Better Batteries for a Greener Tomorrow
Imagine boarding an airplane in the future. If, in your imagination, the plane’s powered by jet fuel, you might be right. But Huolin Xin, a professor in the UCI Department of Physics & Astronomy, wants you to be wrong, because he and his research group see a future — maybe only a couple decades away — where airplanes are completely electrified thanks to what he anticipates will be quantum leaps in battery technology in labs like his that’ll allow the aviation industry to ditch fossil fuels and go fully electric.
The aviation industry emits about 918 million metric tons of carbon dioxide into the atmosphere each year — a staggering number, but one that’s still only about 2.4% of all greenhouse gas emissions. Still, according to the United Nations’ International Civil Aviation Organization, aviation greenhouse gas emissions are set to magnify as demand magnifies, and, by 2050, could triple. In Xin’s lab, he and his group are developing materials that promise to make batteries better to the point where the jet fuel era can finally become a historical footnote.
This interview’s been edited for clarity and brevity.
LJ: I’ve read about what you do, from the Mars work to better batteries. Could you tell me a bit about what drives you to do this kind of research?
HX: One of the things that I really care about is energy. I think the first half of the 21st century is about quantum science, and it’s about energy, and it’s also about sustainable energy.
LJ: Is the push for a greener future a big driver for you — or is it more about basic intellectual curiosity?
HX: Both are important. If you were to only to address the very fundamental problem, that’s good. That’s what research in the university is about: we want to understand how each reaction works and how it works. But some are useful in our daily lives, and some are useful for driving future innovations. So, and specifically for me, I tend to work on the fundamental problems in the domain where it will drive society into a more sustainable future.
LJ: What do you see as the ideal, ultimate goal of your research?
HX: That the future of aviation will be fully electric. That would be the next mark to make. And that requires a quantum change, a quantum leap in battery technology, meaning that you need to double or triple the energy densities of batteries, and you need to make it safer. That’s what I’m working on.

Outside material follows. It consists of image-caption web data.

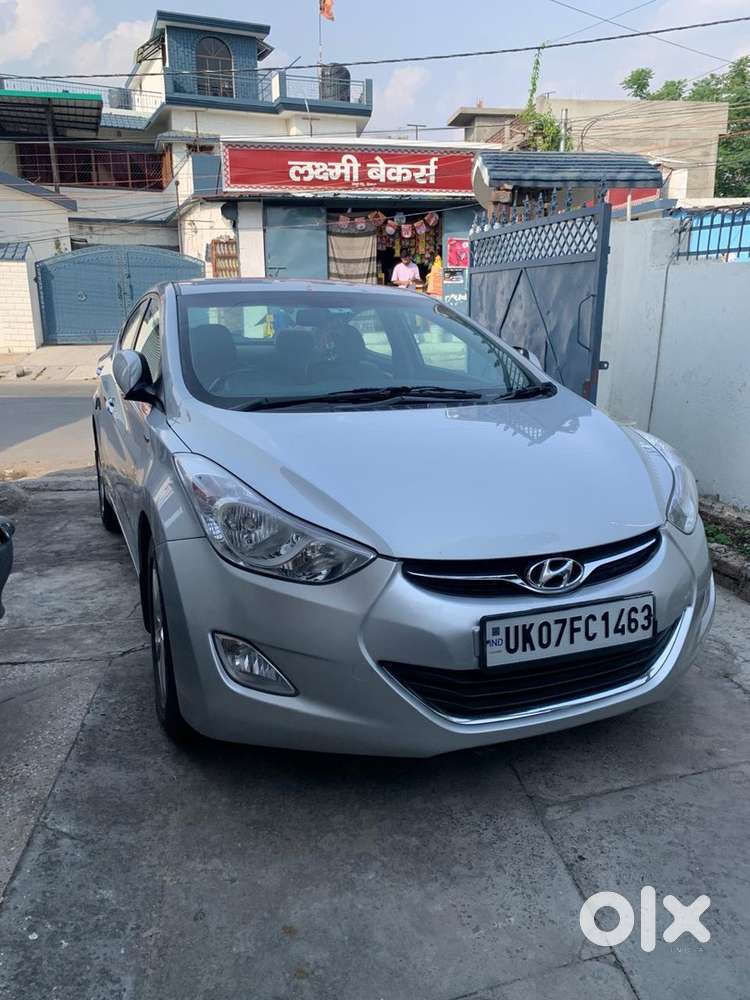 Elantra 2013 Diesel Automatic Clean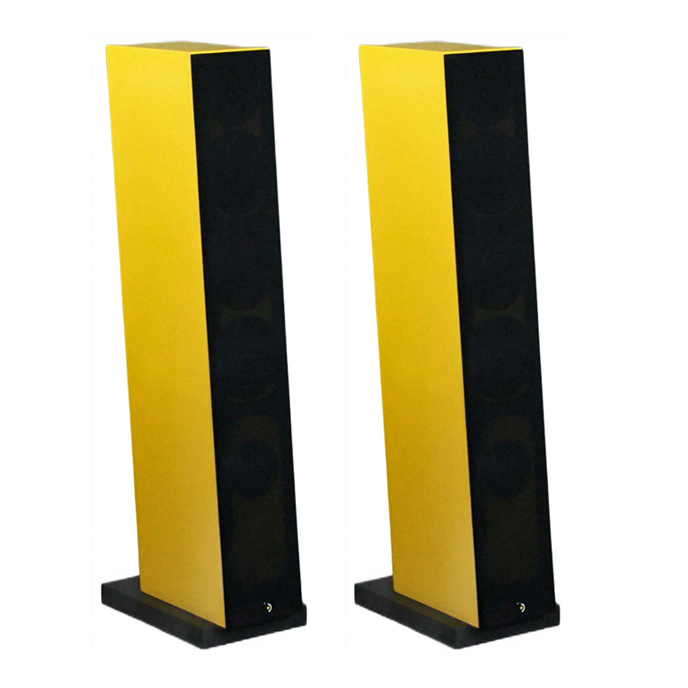 Напольная акустика Davis Acoustics Courbet N 5 Yellow - рис.2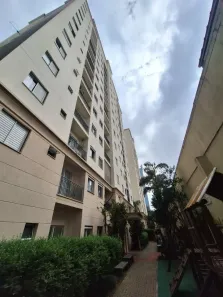 Apartamento com 2 Quartos para alugar, 55m² no Jardim Pinheiros, São Paulo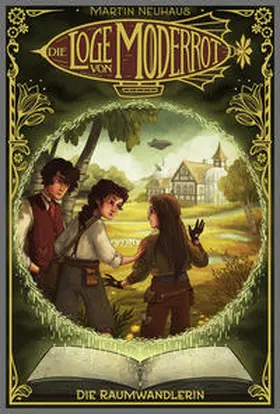 Neuhaus |  Die Loge von Moderrot | Buch |  Sack Fachmedien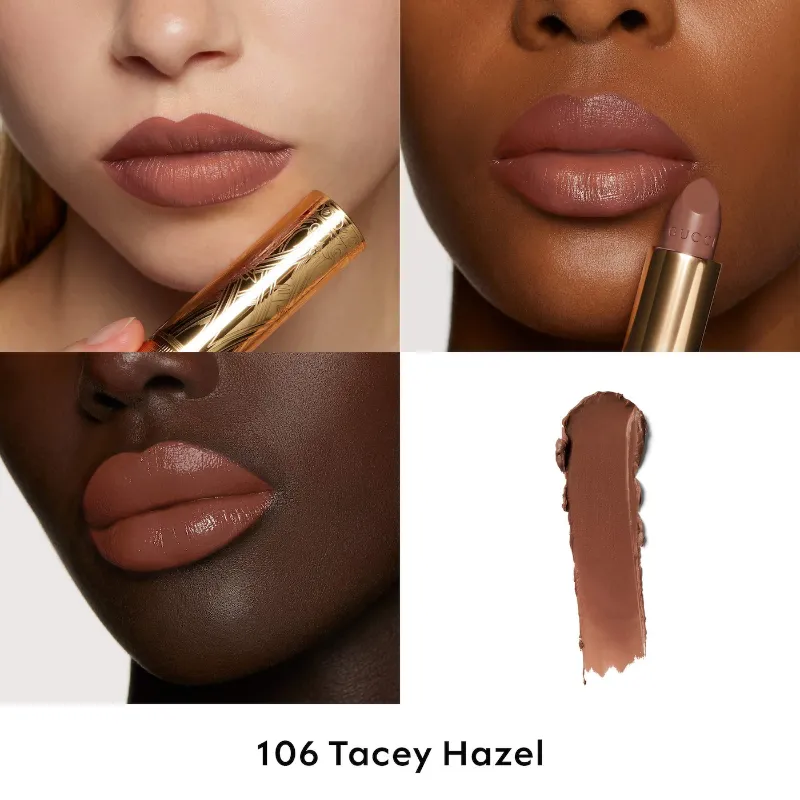 Gucci Long Lasting Satin Lipstick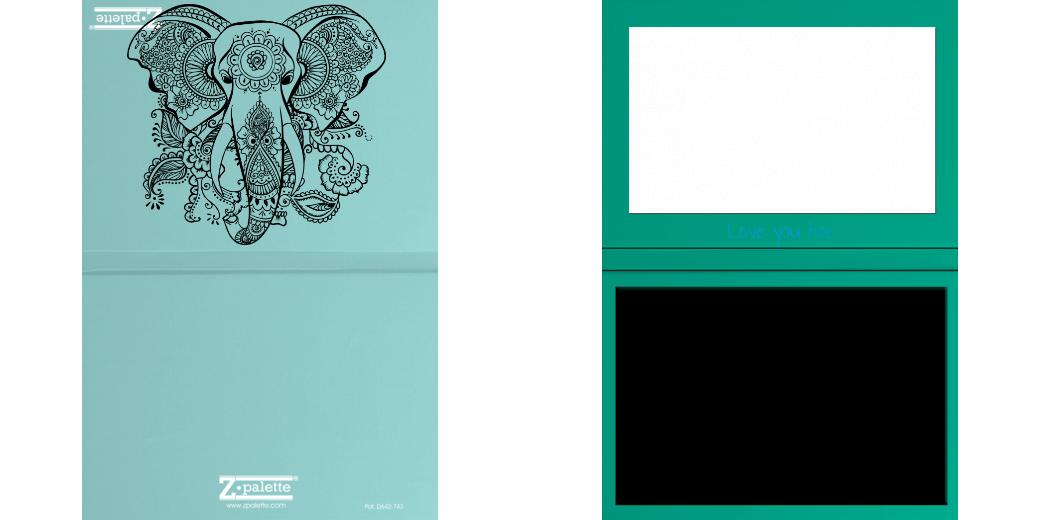 Custom Junior Z Palette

LJ: Listening to you talk, it sounds like you see this as a real possibility and not just science fiction.
HX: It’s possible. Between the research in my lab to having something that can be commercialized, that can be on the shelf, it could take 20 years. It could take shorter if there’s a huge investment from private and the government sectors. What private sector is good at — they’re super good at engineering. Tweaking processes, making it cheaper, making larger-scale manufacturing, improving all the solutions in real application conditions. However, what they’re not good at is fundamentally changing the chemistry that could double or triple it. Their improvement is less than 10% per year. The research in the university labs is really where the innovations happen that could provide these quantum leaps. We’re constantly thinking about new materials that could double, triple, even quadruple the energy densities of today’s batteries.
LJ: What does it look like moving research results from the lab to industry?
HX: My lab has invented what’s called a UCI-Gen2 lithium-ion battery chemistry that has zero reliance on cobalt — the ‘blood diamond’ in the electric vehicle industry, as much of it comes from the war-torn regions in the Democratic Republic of Congo. It outperforms the state-of-the-art lithium nickel-cobalt-manganese oxide chemistry in terms of cycle life, price and safety. We’re working with the entrepreneurs in UCI Beall Innovation to commercialize this chemistry. If successful, your future electric vehicles will run with UCI chemistry.
LJ: Planes seem like a tougher nut to crack than cars, though. No? Planes are just so much bigger.
HX: I’m an optimistic person. In my opinion, there’s nothing that can’t be solved. We used to think that you could never have a computer program that could beat a Go master, right? And it happened two years ago. It’s just a matter of time.